LogicalRelation Leaf Logical Operator¶

LogicalRelation is a leaf logical operator that represents a BaseRelation in a logical query plan.

LogicalRelation is a MultiInstanceRelation.

Creating Instance¶

LogicalRelation takes the following to be created:

BaseRelation
Output Schema (AttributeReferences)
Optional CatalogTable
isStreaming flag

LogicalRelation is created using apply factory.

apply Utility¶

apply(
  relation: BaseRelation,
  isStreaming: Boolean = false): LogicalRelation
apply(
  relation: BaseRelation,
  table: CatalogTable): LogicalRelation

apply wraps the given BaseRelation into a LogicalRelation (so it could be used in a logical query plan).

apply creates a LogicalRelation for the given BaseRelation (with a CatalogTable and isStreaming flag).

import org.apache.spark.sql.sources.BaseRelation
val baseRelation: BaseRelation = ???

val data = spark.baseRelationToDataFrame(baseRelation)

apply is used when:

SparkSession is requested for a DataFrame for a BaseRelation
CreateTempViewUsing command is executed
FallBackFileSourceV2 logical resolution rule is executed
ResolveSQLOnFile and FindDataSourceTable logical evaluation rules are executed
HiveMetastoreCatalog is requested to convert a HiveTableRelation
FileStreamSource (Spark Structured Streaming) is requested to getBatch

refresh¶

refresh(): Unit

refresh is part of LogicalPlan abstraction.
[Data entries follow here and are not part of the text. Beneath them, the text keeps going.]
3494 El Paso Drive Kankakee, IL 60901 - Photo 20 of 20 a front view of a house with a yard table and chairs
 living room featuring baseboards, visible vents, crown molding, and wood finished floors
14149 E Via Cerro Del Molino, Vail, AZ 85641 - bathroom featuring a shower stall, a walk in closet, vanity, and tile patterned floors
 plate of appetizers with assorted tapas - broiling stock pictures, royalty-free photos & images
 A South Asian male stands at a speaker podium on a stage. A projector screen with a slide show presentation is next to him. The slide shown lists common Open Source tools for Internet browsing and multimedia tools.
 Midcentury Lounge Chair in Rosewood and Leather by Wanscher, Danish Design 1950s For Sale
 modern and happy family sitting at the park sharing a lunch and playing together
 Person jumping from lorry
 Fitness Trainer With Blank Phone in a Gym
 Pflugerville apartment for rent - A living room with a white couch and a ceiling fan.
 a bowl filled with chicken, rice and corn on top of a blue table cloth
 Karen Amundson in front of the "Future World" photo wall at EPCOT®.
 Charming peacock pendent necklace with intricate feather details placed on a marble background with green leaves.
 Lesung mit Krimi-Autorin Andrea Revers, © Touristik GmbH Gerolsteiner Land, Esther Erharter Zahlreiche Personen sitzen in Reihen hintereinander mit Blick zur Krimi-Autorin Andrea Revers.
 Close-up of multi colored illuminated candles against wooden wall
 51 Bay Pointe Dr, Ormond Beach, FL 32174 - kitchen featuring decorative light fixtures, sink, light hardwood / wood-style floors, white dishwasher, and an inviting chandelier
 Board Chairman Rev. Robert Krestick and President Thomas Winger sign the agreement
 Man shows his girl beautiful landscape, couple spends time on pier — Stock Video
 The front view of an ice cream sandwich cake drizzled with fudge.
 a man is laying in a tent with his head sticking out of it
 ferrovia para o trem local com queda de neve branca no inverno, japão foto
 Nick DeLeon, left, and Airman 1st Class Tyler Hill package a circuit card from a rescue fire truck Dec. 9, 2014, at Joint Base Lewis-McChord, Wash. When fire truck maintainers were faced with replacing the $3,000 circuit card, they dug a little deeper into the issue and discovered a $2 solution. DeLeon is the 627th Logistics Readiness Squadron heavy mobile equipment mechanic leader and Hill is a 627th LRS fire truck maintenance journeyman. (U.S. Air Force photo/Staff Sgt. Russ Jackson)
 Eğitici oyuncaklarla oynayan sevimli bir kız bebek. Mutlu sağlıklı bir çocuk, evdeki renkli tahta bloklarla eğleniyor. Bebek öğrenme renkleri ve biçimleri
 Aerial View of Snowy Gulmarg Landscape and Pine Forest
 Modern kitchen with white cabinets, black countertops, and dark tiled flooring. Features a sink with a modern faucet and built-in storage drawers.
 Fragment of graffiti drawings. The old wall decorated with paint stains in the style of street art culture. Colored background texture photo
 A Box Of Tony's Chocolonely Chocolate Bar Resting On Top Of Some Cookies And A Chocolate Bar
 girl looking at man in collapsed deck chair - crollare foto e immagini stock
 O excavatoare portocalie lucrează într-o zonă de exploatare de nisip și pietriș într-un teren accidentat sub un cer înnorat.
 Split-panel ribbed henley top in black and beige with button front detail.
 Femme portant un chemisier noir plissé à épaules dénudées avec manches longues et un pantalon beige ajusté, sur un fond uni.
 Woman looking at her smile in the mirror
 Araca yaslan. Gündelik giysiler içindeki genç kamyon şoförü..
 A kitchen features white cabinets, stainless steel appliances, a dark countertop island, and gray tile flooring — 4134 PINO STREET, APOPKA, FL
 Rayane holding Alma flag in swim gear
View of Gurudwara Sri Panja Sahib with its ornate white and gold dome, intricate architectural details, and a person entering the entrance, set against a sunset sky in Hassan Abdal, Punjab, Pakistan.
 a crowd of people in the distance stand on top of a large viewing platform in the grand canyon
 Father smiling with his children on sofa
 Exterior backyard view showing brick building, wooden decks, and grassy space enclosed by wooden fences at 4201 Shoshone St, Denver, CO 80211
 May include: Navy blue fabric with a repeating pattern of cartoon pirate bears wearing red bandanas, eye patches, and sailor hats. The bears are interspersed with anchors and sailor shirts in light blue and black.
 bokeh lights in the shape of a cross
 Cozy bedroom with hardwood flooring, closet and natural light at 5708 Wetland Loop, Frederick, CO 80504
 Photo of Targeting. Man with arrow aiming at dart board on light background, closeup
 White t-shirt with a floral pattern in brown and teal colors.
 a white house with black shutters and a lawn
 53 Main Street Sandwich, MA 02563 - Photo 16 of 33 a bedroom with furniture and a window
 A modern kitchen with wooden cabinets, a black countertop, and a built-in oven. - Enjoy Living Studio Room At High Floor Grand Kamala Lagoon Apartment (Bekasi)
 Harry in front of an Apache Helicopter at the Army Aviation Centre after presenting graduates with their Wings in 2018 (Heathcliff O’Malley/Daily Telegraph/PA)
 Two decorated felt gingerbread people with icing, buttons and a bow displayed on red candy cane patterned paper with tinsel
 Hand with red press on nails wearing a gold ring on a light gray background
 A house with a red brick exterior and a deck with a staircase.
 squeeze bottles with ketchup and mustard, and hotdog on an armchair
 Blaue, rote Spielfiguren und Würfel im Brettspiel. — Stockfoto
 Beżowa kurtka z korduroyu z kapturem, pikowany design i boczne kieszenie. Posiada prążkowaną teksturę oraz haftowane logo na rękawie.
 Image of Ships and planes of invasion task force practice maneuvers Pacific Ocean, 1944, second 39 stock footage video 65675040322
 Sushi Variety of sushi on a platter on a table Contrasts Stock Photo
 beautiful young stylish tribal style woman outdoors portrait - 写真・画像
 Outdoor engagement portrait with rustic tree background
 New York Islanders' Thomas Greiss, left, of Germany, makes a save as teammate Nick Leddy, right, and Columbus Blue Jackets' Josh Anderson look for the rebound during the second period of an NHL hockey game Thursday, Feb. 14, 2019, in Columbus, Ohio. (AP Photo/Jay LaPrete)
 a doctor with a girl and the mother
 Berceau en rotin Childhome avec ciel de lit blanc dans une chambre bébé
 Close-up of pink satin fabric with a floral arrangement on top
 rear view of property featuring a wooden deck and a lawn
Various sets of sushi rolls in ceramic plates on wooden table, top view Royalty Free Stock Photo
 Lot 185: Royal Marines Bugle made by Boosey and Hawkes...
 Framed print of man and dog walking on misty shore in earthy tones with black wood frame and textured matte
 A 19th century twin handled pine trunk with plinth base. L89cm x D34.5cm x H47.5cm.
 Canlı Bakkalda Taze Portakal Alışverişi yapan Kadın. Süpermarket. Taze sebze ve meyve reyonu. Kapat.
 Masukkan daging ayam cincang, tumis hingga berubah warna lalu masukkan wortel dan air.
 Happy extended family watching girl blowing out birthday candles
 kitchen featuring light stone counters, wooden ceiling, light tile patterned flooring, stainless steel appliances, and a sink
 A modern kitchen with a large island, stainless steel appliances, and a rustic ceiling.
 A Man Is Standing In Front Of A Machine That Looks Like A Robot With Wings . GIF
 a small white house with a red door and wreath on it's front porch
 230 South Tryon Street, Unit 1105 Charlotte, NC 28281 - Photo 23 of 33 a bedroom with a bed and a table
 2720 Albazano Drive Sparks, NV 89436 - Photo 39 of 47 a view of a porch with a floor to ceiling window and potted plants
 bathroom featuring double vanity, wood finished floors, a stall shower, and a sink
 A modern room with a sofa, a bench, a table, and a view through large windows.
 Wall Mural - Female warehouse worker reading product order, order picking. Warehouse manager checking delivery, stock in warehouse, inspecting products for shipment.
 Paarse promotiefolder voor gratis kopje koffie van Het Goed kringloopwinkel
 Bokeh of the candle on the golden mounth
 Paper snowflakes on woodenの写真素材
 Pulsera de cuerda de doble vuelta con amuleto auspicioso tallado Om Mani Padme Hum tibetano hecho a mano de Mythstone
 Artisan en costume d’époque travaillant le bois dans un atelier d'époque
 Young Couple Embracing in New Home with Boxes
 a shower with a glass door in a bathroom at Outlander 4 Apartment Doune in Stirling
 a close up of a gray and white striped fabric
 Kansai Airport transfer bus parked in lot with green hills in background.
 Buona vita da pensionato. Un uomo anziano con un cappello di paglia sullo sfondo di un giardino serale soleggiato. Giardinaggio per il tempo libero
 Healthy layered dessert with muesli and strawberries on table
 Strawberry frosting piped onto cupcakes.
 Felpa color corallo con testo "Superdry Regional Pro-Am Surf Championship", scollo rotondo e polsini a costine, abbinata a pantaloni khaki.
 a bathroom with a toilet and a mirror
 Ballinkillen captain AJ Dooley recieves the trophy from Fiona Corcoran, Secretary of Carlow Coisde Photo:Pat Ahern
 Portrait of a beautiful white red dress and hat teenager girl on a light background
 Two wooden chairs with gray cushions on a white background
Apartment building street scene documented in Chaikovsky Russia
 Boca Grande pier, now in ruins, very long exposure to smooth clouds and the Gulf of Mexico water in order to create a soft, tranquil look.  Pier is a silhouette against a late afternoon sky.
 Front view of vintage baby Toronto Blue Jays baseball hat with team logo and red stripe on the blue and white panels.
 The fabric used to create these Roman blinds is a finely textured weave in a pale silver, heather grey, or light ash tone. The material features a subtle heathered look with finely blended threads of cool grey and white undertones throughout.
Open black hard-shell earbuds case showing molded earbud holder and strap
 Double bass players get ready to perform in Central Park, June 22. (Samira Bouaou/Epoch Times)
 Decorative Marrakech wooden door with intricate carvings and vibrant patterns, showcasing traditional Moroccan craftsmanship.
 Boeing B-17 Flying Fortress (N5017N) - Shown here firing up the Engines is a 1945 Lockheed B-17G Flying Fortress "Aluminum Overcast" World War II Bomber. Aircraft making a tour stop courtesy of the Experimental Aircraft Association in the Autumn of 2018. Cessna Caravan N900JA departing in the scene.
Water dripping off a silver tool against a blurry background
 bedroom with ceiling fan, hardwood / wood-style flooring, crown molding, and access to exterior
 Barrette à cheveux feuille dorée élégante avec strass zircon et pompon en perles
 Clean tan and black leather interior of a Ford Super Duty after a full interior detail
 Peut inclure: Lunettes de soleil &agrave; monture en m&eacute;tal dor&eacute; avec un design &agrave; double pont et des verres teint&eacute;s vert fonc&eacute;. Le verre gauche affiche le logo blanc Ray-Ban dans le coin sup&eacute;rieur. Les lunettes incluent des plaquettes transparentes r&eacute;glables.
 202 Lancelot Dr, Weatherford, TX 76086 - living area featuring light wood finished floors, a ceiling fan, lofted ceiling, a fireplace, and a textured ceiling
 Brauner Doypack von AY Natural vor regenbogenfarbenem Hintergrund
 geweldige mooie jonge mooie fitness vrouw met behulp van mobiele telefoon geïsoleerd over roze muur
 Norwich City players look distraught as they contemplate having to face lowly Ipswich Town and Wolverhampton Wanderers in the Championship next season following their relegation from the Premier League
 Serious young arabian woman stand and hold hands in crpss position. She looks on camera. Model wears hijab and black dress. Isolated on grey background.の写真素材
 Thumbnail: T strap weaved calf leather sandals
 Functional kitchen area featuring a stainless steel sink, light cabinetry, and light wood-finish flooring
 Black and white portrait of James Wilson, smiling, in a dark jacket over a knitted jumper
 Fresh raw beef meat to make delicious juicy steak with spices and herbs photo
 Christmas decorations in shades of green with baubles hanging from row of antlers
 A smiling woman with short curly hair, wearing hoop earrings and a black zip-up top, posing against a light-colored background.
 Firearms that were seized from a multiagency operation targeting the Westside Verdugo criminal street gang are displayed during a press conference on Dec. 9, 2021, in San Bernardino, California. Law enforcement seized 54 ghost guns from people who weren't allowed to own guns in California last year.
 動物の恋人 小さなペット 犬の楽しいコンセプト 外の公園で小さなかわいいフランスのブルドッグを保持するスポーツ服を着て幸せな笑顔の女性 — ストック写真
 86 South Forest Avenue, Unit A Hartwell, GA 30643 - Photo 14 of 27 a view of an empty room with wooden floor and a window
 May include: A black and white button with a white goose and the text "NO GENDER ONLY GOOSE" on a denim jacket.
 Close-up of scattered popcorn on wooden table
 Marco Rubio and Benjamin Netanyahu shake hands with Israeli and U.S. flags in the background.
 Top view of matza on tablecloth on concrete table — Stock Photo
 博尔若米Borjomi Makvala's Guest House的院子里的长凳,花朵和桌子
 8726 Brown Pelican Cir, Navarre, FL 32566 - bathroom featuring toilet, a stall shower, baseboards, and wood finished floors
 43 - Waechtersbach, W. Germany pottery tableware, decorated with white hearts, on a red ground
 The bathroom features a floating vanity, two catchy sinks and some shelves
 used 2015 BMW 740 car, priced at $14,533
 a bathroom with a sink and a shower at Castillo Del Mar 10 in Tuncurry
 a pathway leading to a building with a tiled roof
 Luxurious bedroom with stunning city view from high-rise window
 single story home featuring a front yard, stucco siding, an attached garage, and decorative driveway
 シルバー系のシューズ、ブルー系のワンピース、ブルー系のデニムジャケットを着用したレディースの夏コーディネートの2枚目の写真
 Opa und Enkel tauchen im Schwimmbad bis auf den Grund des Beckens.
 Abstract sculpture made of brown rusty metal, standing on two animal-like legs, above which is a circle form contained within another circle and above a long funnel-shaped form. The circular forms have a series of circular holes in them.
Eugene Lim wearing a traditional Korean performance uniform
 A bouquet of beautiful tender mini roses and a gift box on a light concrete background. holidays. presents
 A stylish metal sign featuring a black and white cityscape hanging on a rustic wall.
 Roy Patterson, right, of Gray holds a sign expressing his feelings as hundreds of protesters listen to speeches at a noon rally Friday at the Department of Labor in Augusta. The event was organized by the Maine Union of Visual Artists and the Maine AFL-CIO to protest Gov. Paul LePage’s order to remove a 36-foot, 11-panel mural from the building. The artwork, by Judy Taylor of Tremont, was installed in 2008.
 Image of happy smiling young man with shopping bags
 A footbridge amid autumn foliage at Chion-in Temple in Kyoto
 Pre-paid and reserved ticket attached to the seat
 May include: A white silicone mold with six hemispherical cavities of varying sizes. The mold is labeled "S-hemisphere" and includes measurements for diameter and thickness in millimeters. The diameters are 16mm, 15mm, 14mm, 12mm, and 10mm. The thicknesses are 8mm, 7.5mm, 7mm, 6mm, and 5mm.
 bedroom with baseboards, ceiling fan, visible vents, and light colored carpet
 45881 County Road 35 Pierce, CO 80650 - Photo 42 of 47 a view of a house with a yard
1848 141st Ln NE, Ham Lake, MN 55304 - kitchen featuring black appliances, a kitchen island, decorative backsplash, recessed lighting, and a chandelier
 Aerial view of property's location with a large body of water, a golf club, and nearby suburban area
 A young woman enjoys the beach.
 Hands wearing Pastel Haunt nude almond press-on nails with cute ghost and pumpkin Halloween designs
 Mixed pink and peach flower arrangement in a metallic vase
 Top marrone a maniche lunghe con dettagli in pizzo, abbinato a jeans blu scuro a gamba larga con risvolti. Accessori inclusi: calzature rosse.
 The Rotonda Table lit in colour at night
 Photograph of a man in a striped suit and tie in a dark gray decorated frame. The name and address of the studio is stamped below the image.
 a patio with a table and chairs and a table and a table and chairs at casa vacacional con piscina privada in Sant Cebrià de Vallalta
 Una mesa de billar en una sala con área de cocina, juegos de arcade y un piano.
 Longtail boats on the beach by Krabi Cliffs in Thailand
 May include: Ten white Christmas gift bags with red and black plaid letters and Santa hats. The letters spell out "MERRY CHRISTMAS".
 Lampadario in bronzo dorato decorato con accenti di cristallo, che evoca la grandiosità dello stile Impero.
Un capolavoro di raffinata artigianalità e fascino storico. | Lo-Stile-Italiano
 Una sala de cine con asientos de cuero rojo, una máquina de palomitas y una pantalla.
refresh requests the FileIndex (of the HadoopFsRelation) to refresh.

Note

refresh does the work for HadoopFsRelation relations only.

Simple Text Representation¶

simpleString(
  maxFields: Int): String

simpleString is part of the QueryPlan abstraction.

simpleString is made up of the output schema (truncated to maxFields) and the relation:

Relation[[output]] [relation]

Demo¶

val q = spark.read.text("README.md")
val logicalPlan = q.queryExecution.logical

scala> println(logicalPlan.simpleString)
Relation[value#2] text

computeStats¶

computeStats(): Statistics

computeStats is part of the LeafNode abstraction.

computeStats takes the optional CatalogTable.

If available, computeStats requests the CatalogTable for the CatalogStatistics that, if available, is requested to toPlanStats (with the planStatsEnabled flag enabled when either spark.sql.cbo.enabled or spark.sql.cbo.planStats.enabled is enabled).

Otherwise, computeStats creates a Statistics with the sizeInBytes only to be the sizeInBytes of the BaseRelation.

Demo¶

The following are two logically-equivalent batch queries described using different Spark APIs: Scala and SQL.

val format = "csv"
val path = "../datasets/people.csv"

val q = spark
  .read
  .option("header", true)
  .format(format)
  .load(path)

scala> println(q.queryExecution.logical.numberedTreeString)
00 Relation[id#16,name#17] csv

val q = sql(s"select * from `$format`.`$path`")

scala> println(q.queryExecution.optimizedPlan.numberedTreeString)
00 Relation[_c0#74,_c1#75] csv